Agree with all the workflow @jessegrabowski wrote above. The reason I don’t use this anymore (apart from the computational overhead I outlined above) is that you can’t do aggregation operations on a MultiIndex in xarray:

prior.prior.y_hat.mean("time")

ValueError: 'replication' not found in array dimensions ('chain', 'draw', 'obs_idx')

To me, that’s a big drawback, because most of the time that’s precisely why I’m interested in having the MultiIndex in there: selecting some slice, then aggregating over one or several dimensions.

To be clear, it can be done – unstack or reset_index are good solutions – but I haven’t found yet a pure xarray solution that doesn’t call for some exception handling at some point. On the contrary, using the Pandas index as I do now works out-of-the-box :man_shrugging:

What’s the expected output of prior.prior.y_hat.mean("time")? This seems like it should be a groupby: prior.prior.y_hat.groupby('time_idx').mean()

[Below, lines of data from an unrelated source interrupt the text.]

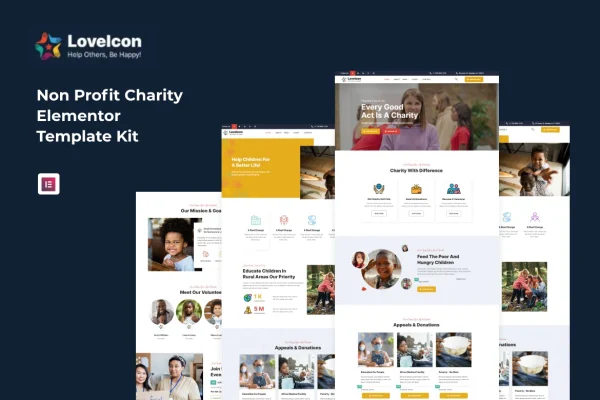 LoveIcon nonprofit charity Elementor template kit cover image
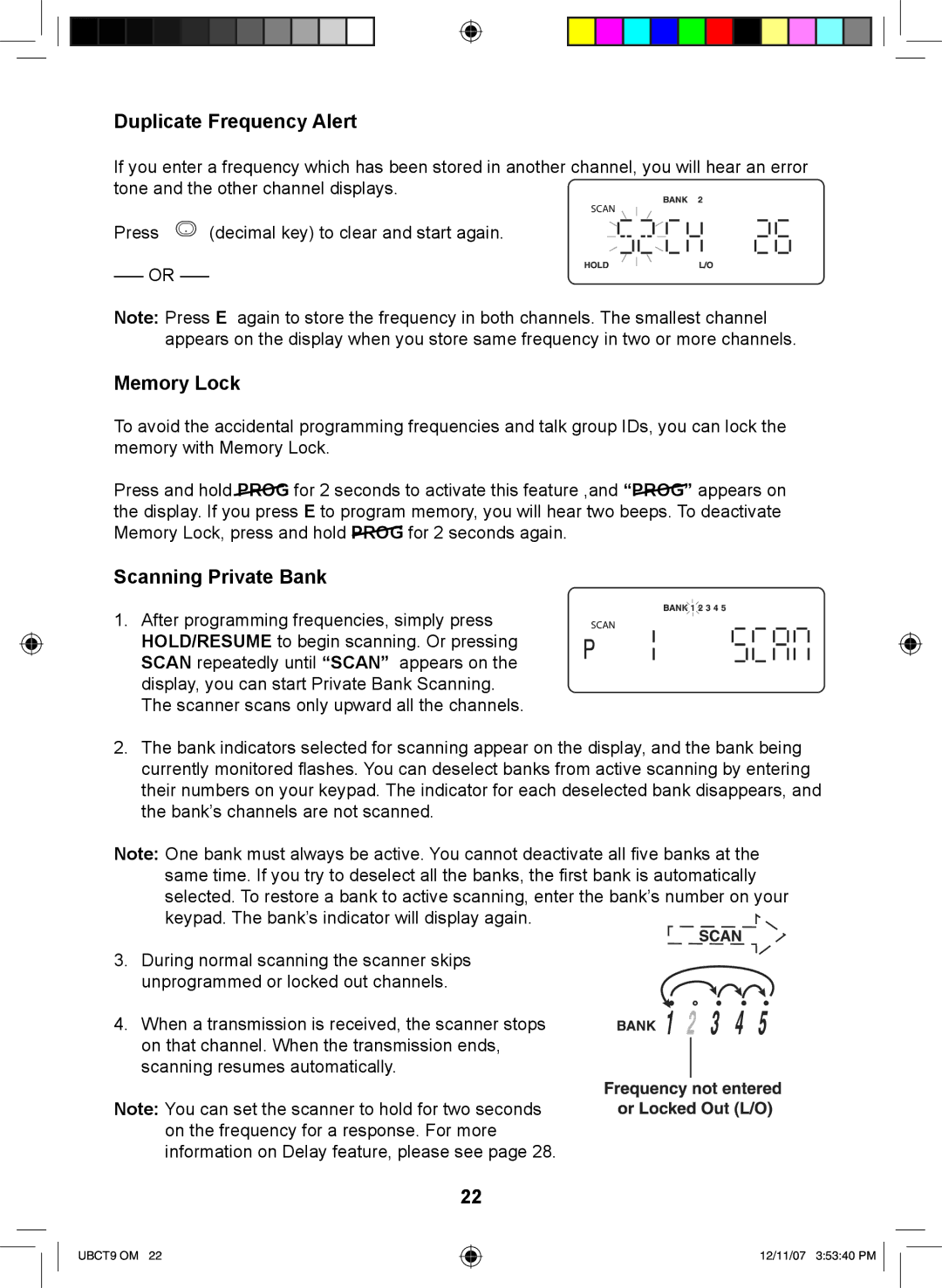 Uniden UBCT9 manual Duplicate Frequency Alert, Memory Lock, Scanning Private Bank 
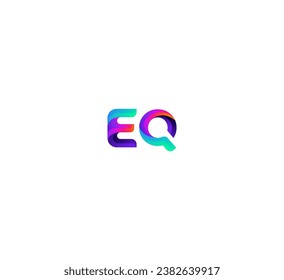 3D EQ, QE letter logo design template elements. Modern abstract digital alphabet letter logo.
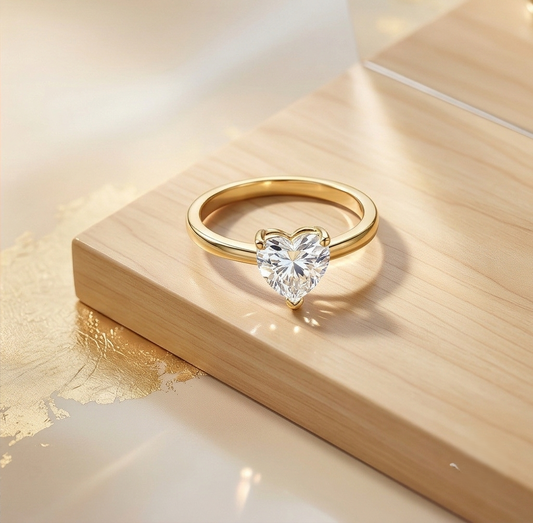 925 Sterling Silver Clear Heart Solitaire Ring Yellow Gold Finish Jewellery for Women | Size 6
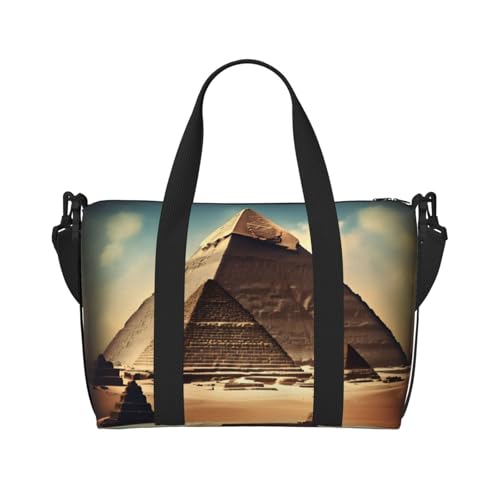 yuangjhop Dreaming of the Pyramids of Khufu Printing Hand Travel Bag Personal Item Bag Women Handtasche Travel Large Shoulder Bag with Zipper von yuangjhop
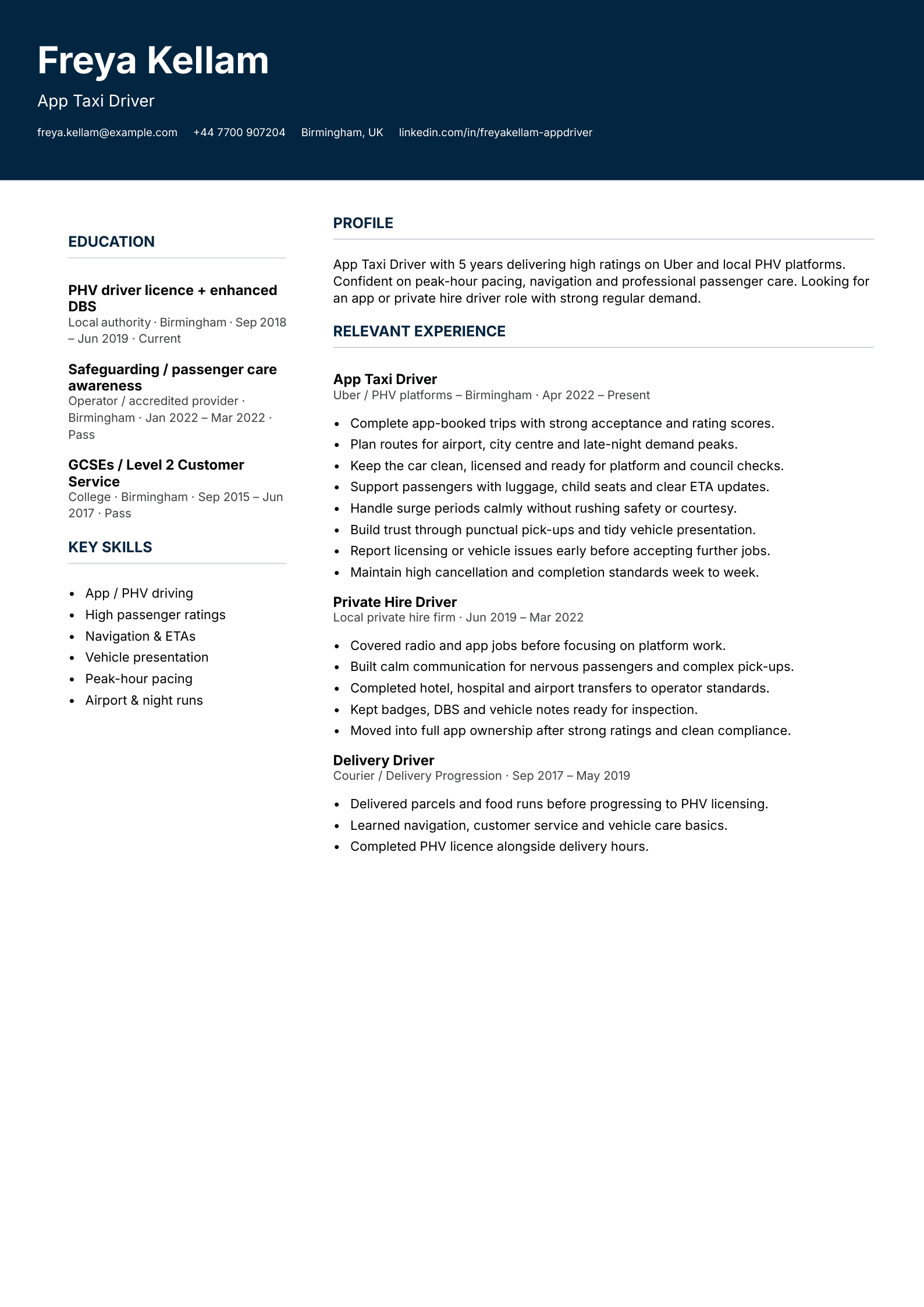 app taxi driver CV template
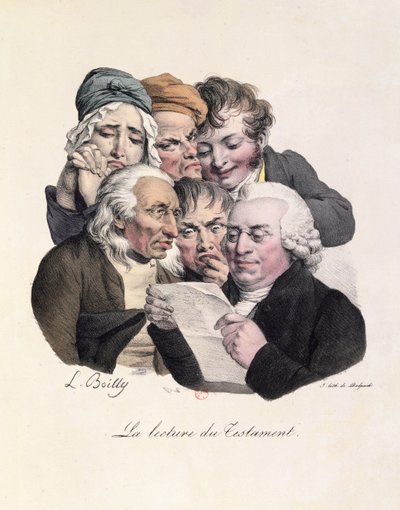 Het Testament Lezen, gegraveerd door Francois Seraphin Delpech door Louis Leopold Boilly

That’s exactly that – and actually what I use it for all the time. The problem is that, to the best of my knowledge, you can’t group by multiple dimensions, i.e y_hat.groupby(['time_idx', "replication").mean().

In this example it doesn’t make sense because the MultiIndex is 2D, but you get the idea

Yeah for something like this I’d use to_dataframe() (or to_dask_dataframe for big data) and do the groupby there, something like:

prior.prior.y_hat.to_dataframe().y_hat.groupby(['time_idx', 'unit_idx']).mean().unstack()

Yep. TBH in my experience that’s a lot of overhead code for a marginal benefit, when you can do it in just one line of code with the index, as I did above. But that’s just my personal preference

El El vie, 15 nov 2024 a la(s) 9:49, Jesse Grabowski via PyMC Discourse <notifications@pymc3.discoursemail.com> escribió:

I see. So if I’m understanding you correctly, it’s more off an xarray limitation rather than anything PyMC could do to make it easier for users?

Either way, I like this trick. I was noticing that unstack is pretty sluggish, so avoiding it is awesome! Thank you for your help!

Mainly, yes. Happy to hear that was helpful!
Live Bayes & Prosper :vulcan_salute: